Survey estimates $1 billion VW-related economic cost

As she celebrates her 10-year anniversary in office, German Chancellor Angela Merkel faces two crises. While the political fallout still is uncertain, in economic terms the positive impetus from European refugee influx is due to more than offset the negative effect of the Volkswagen emissions cheating scandal. 

The expected absorption of some 800,000 asylum seekers into Germany, many fleeing the violence in Syria, will add 0.2 percentage point to annual growth next year, according to the median estimate in a Bloomberg survey of 24 economists, conducted Nov. 6-13.

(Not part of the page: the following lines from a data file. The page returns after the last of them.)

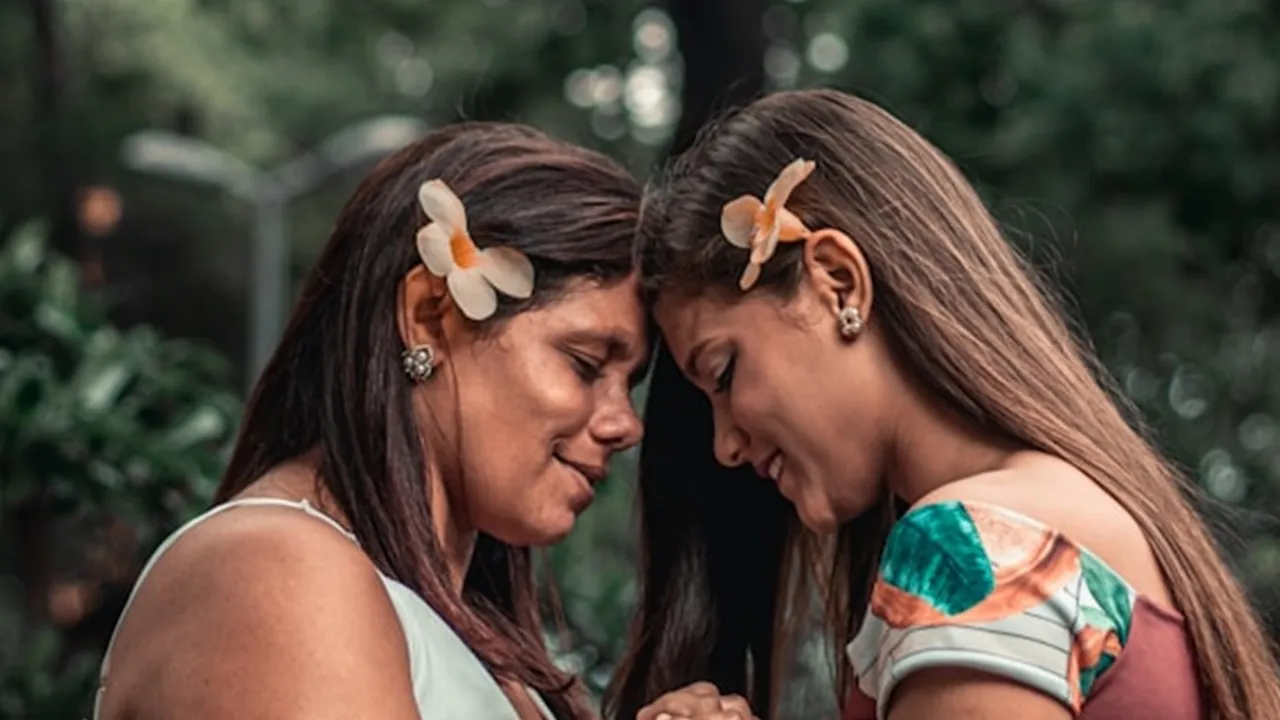 Caption Tentang Ibu: Ungkapan Cinta dan Penghargaan untuk Sosok Terhebat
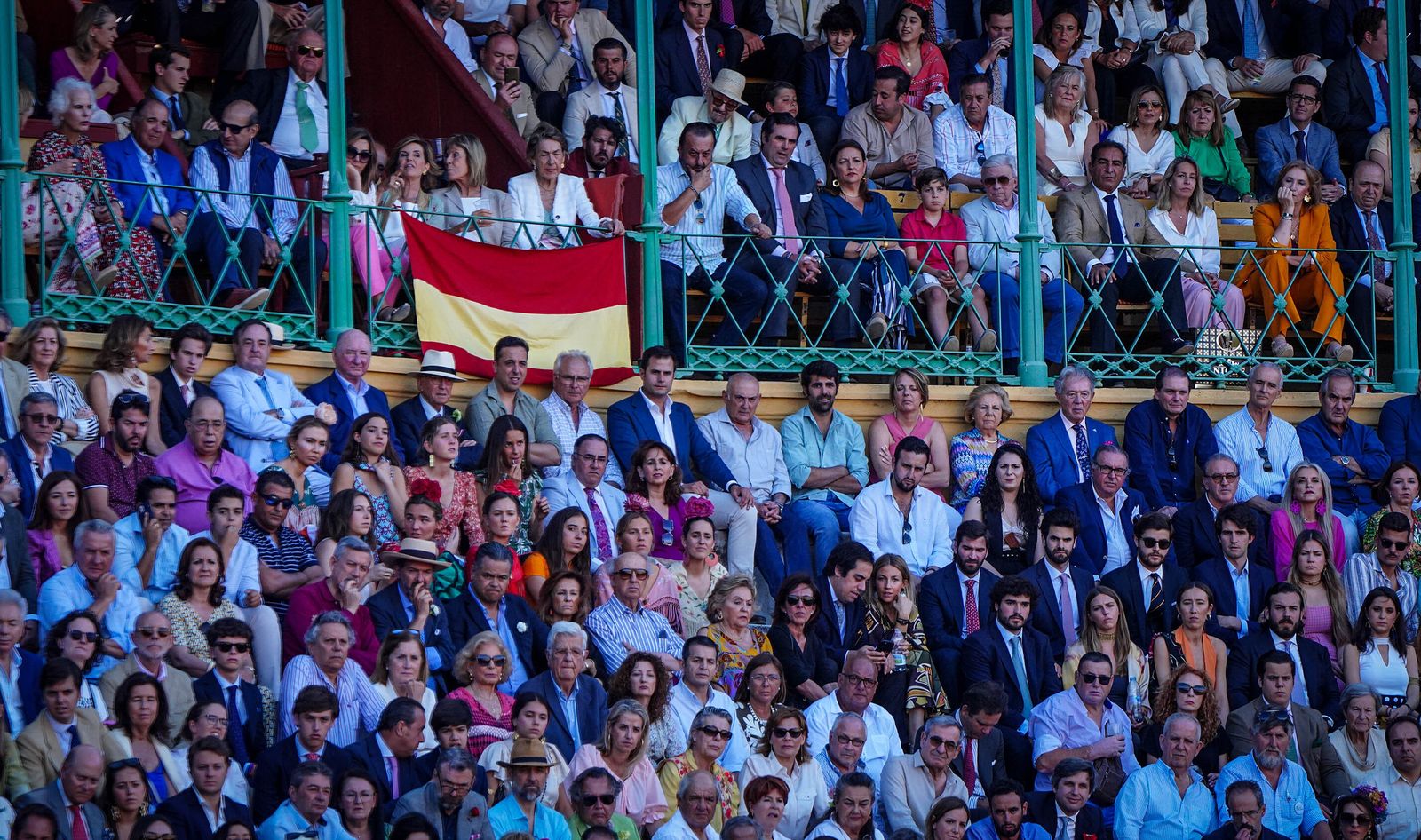 Puerta grande para Roca Rey y El Juli en la plaza de toros de Jerez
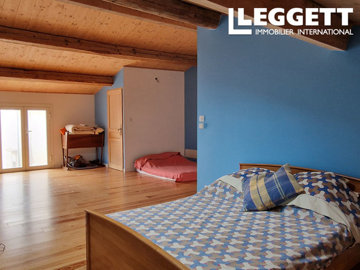 ahr0chm6ly9jzg4uagvzdglhlmltbw8vaw1hz2uvvevom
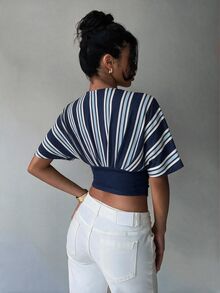 Aloruh 女款V領條紋修身T恤，適合約會、度假、派對、日常穿著、聚會、戶外活動 - 藏蓝色 - 查看 2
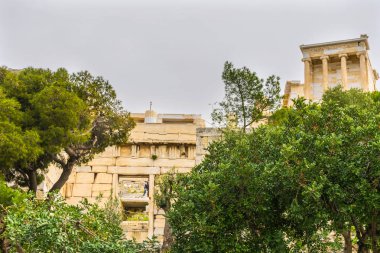 Tapınak Athena Nike Propylaea eski giriş ağ geçidi zeytin ağaçları kalıntıları Acropolis Atina Yunanistan 420 M.ö. inşa 432 M.ö tapınakta sona erdi inşaa yılı Yunanca Nike zafer demektir..
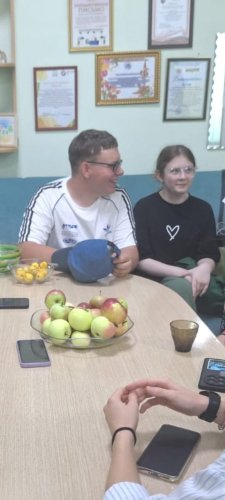 Смех, заметки и друзья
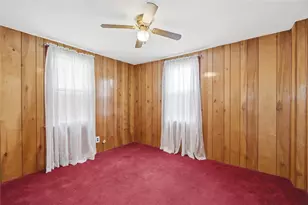 10 Jones Ave, Pawtucket, RI 02861 - Photo 11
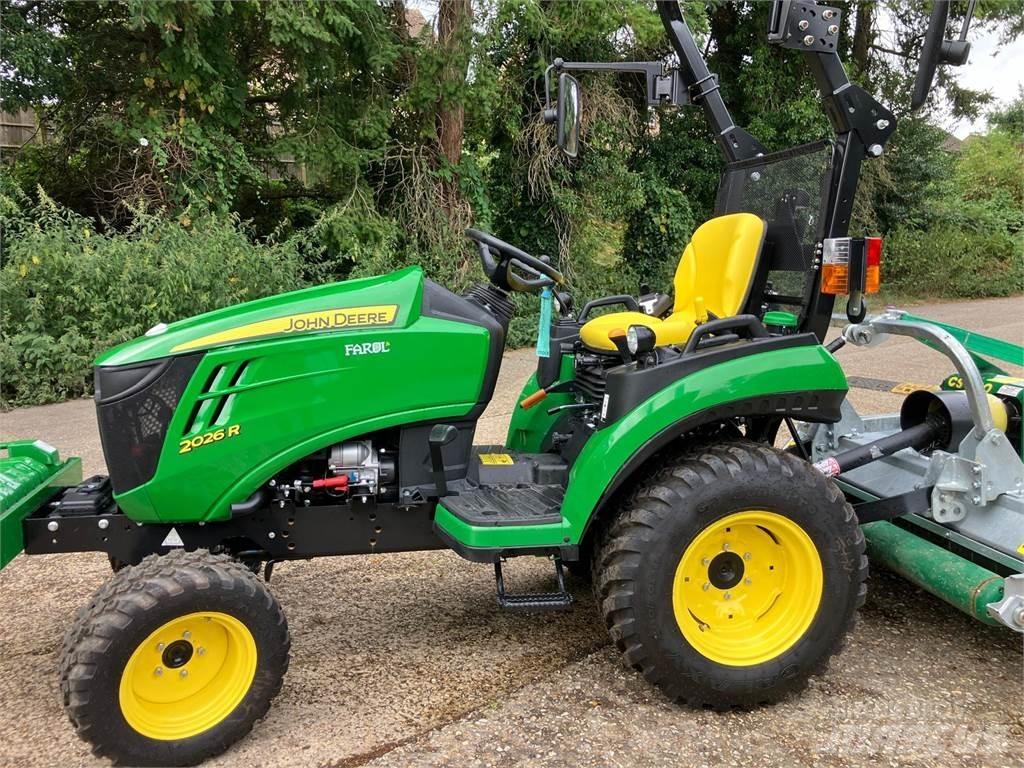John Deere 2026R コンパクトトラクター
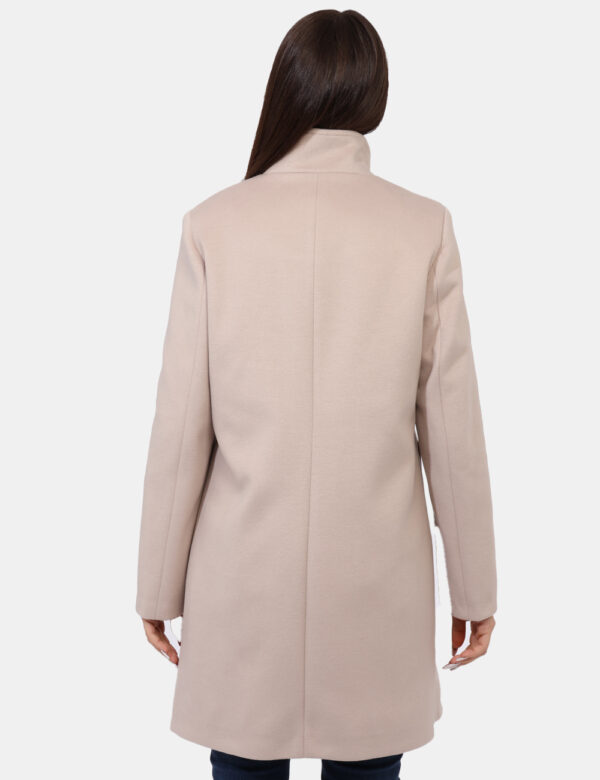 Cappotto Sandro Ferrone Beige - Cappotto classico in total beige con collo alto e fake tasche. La vestibilità è morbida e pr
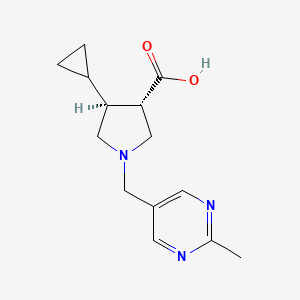 molecular formula C14H19N3O2 B5517958 (3S,4S)-4-cyclopropyl-1-[(2-methylpyrimidin-5-yl)methyl]pyrrolidine-3-carboxylic acid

The VW scandal's impact will be negligible, lowering 2016 growth by just 0.03 percentage point. Based on the IMF's October estimate of nominal German gross domestic product, the combined impact translates into roughly $6 billion in extra economic activity next year.

"The public sector directly demands more goods and services to deal with the influx of refugees and the refugees themselves boost private demand as they also spend money in Germany," said Stefan Kipar, an economist at Bayerische Landesbank in Munich. "To sum up, the refugee influx has effects comparable to an —unplanned — economic stimulus program in the short run."

The increased demands on public coffers to house and feed hundreds of thousands of refugees, however, means a planned budget surplus for 2016 has evaporated, according to several economists who participated in the Bloomberg survey.

The VW scandal's impact is slightly harder to parse out. 

"Note that repairs are positive for GDP growth, and that demand — domestic or foreign — that turns away from VW may shift to other German producers, thus being neutral for German GDP," said Timo Klein, an economist at IHS Economics in Frankfurt.

This comes amid an apparent plateau in Germany's recovery, with the economy forecast to expand 1.7 percent year-over-year in the fourth quarter and less than 2 percent annually through 2017, according to a separate Bloomberg survey.

While the economics of Germany's refugee dilemma are straightforward enough, the politics are anything but, with growing demands throughout the country — and even within Merkel's own coalition — to curb migration in the wake of the deadly Paris terrorist attacks.